Motorleistungsoptimierung - Basis Iveco Turbo Daily 4x4
Inhalt:
- Motorleistungsoptimierung (Tuning)
- Probleme in der Praxis
- Untersuchung und Ergebnisse
- Schlußbemerkungen
Motorleistungsoptimierung (Tuning)
Der Beitrag bezieht sich auf die Leistungsoptimierung, die von der Fa. Niemz angeboten wird. Es handelt sich dabei um eine Darstellung meiner persönlichen Erfahrungen, die nicht unbedingt zu verallgemeinern sind, hier aber in der Hoffung wiedergegeben werden, andere in die Lage zu versetzen, sich durch vorbeugendes Handeln vor ähnlich unliebsamen Überraschungen zu bewahren.
- Art der Modifizierung: Umbau der Einspritzpumpe
- Ziel: Anhebung der Leistung auf ca. 130PS und Ausdehnung des nutzbaren Drehzahlbereichs nach unten (ab ca. 1500/min)
- Zeitaufwand: unter 1h
- Meßprotokolle: keine
- Kostenpunkt: 600,- Euro (04/2004)
- Erfahrungen: War vorher der sinnvoll nutzbare Drehzahlbereich begrenzt auf 2000-3000/min, so zieht das Fahrzeug nach der Modifikation schon ab ca. 1600/min, und zwar deutlich stärker als vorher bei 2000/min. Bei diesen niedrigen Drehzahlen machen sich dann lediglich allerhand rappelnde Handschuhfach- und ähnliche Klappen und Deckel bemerkbar, kann man sich aber dran gewöhnen. Nebeneffekt: man wird schaltfaul.

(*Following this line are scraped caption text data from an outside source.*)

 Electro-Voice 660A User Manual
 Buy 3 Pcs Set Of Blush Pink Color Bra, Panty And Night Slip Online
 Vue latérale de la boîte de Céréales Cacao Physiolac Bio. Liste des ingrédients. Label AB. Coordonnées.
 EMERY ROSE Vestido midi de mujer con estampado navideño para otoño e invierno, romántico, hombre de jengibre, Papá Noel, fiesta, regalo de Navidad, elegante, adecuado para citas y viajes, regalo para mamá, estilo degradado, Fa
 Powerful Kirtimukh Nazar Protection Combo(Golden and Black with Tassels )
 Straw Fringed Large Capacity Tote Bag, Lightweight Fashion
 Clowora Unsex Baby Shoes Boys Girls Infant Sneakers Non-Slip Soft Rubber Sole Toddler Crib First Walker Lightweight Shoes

- Verbrauch: nicht auffällig, tendenziell eher niedriger.
Meine Ausgangssituation sieht folgendermaßen aus:
- Motor: 8140.23.3811
- Kühler: TN. 9380 9324
- Propeller: 8 Flügel
- kein Intercooler
- Einspritzpumpe Bosch VE4/12F1800R657, Teilenummer 0460 424 124
- dazu: Einspritzdüsen Bosch SACLESS DSLA 134 P 604 bei 240bar
Probleme in der Praxis
Nach der Optimierung stellten sich alsbald folgende Probleme ein:
- stark erhöhte Kühlwassertemperaturen
- verstärkte Rußentwicklung
- Kaltstartprobleme
zu 1.) Ich möchte die Problematik anhand zweier typischer Beispiele beschreiben:
- In Spanien hatte ich schon bei einer Außentemperatur von 19°C auf einer Strecke von 6km Länge und 5% Steigung bei Drehzahl von 2700/min konstant (knapp 80km/h) und manuell dauernd eingeschaltetem Ventilator eine von 85°C auf 100°C steigende Wassertemperatur beobachtet.

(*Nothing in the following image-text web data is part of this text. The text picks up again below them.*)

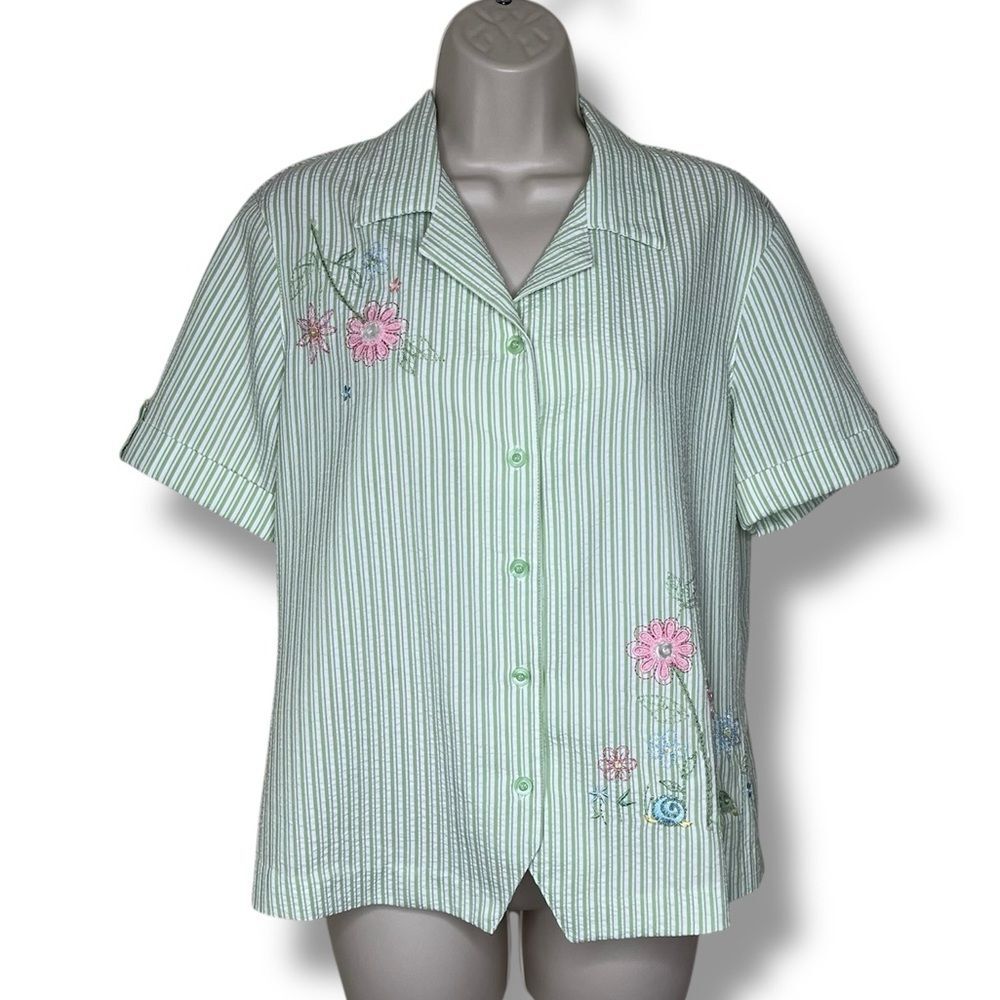 Alfred Dunner Seersucker Green Stripe Embroidered Beaded Short Sleeve Women 8
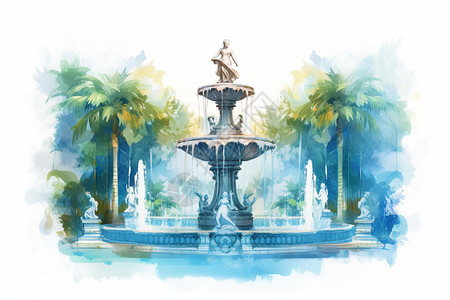 手绘喷泉创意插图背景图片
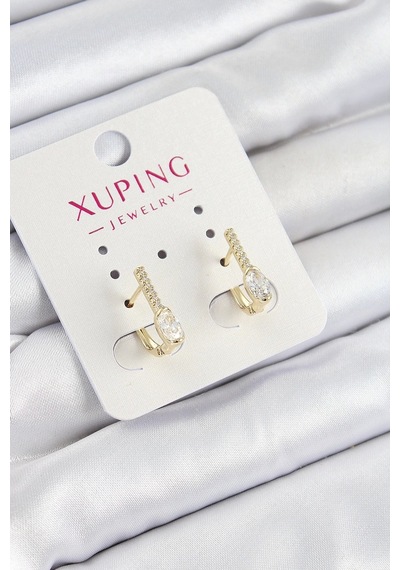 Ceylan Adam Xuping Zirkon Taşlı I Model Gold Renk Kadın Küpe Çok Renkli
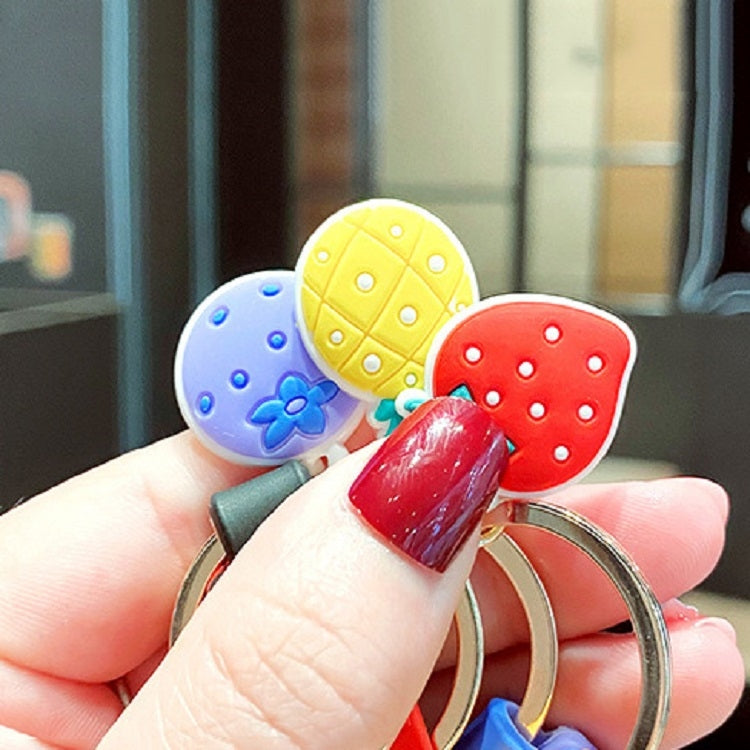 5 PCS Cartoon Animal Fruit Soft Rubber Doll Keychain School Bag Pendant(Blueberry) by buy2fix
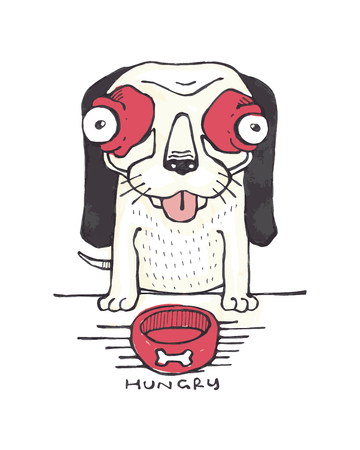Hand drawn vector illustration or drawing of a cartoon hungry dogのイラスト素材
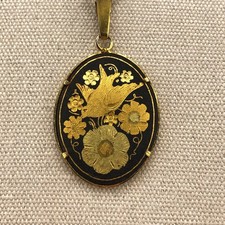 VINTAGE Toledo Damascene Pendant Necklace Floral Bird Christmas Flower Oval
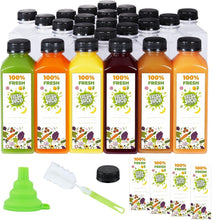 Load image into Gallery viewer, Reusable 16oz Clear Plastic Bottles with Caps - Perfect for Juicing &amp; Smoothies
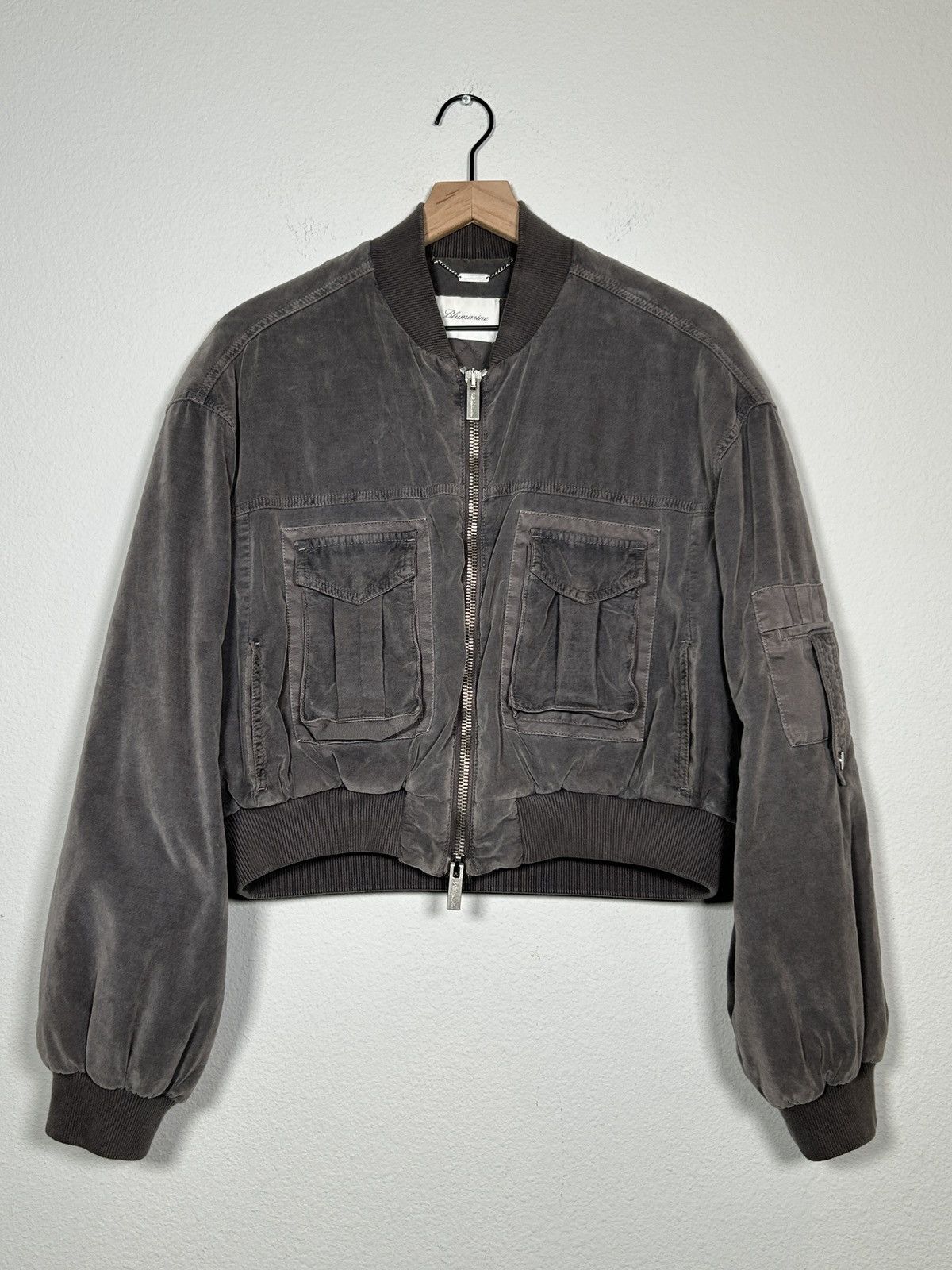 Blumarine FW24 Velour Cargo Cropped Bomber Size M / US 6-8 / IT 42-44 - 1 Thumbnail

- Auf der nördlichen Zufahrt zum Gotthard-Tunnel bei mäßigen Außentemperaturen (um 16°C) unter Vollast und bei ca. 2500/min (ca. 75…80km/h) und permanent mitlaufendem (via Handschalter) Kühlerventilator Temperaturanstieg von 70° (Ausfahrt Gotthard-Raststätte) über 80°C (beim Passieren der AS Erstfeld, Thermostatöffnungstemperatur) auf 98° (hatte früher selbst bei hohen Außentemperaturen in diesem Betriebszustand max. 90° konstant, tendenziell führte aber der Ventilator auch unter Last zu sinkenden Temperaturen).
Das löste eine gewisse Besorgnis bzgl. Betrieb unter sommerlichen Bedingungen bzw. Betrieb in potentiell warmen Ländern (z. B. Marokko) unter Last und geringen Geschwindigkeiten aus. Während ich bereits auf meiner ersten Tour nach der Modifikation die Fa. Niemz per e-mail mehrfach auf die Probleme hingewiesen hatte und keinerlei Antwort erhielt, war nach meiner Rückkehr während der dann geführten Telefonate mit Herrn Niemz lediglich Abwiegeln und Desinteresse feststellbar, jedenfalls kein konstruktives Bemühen um eine Problemlösung.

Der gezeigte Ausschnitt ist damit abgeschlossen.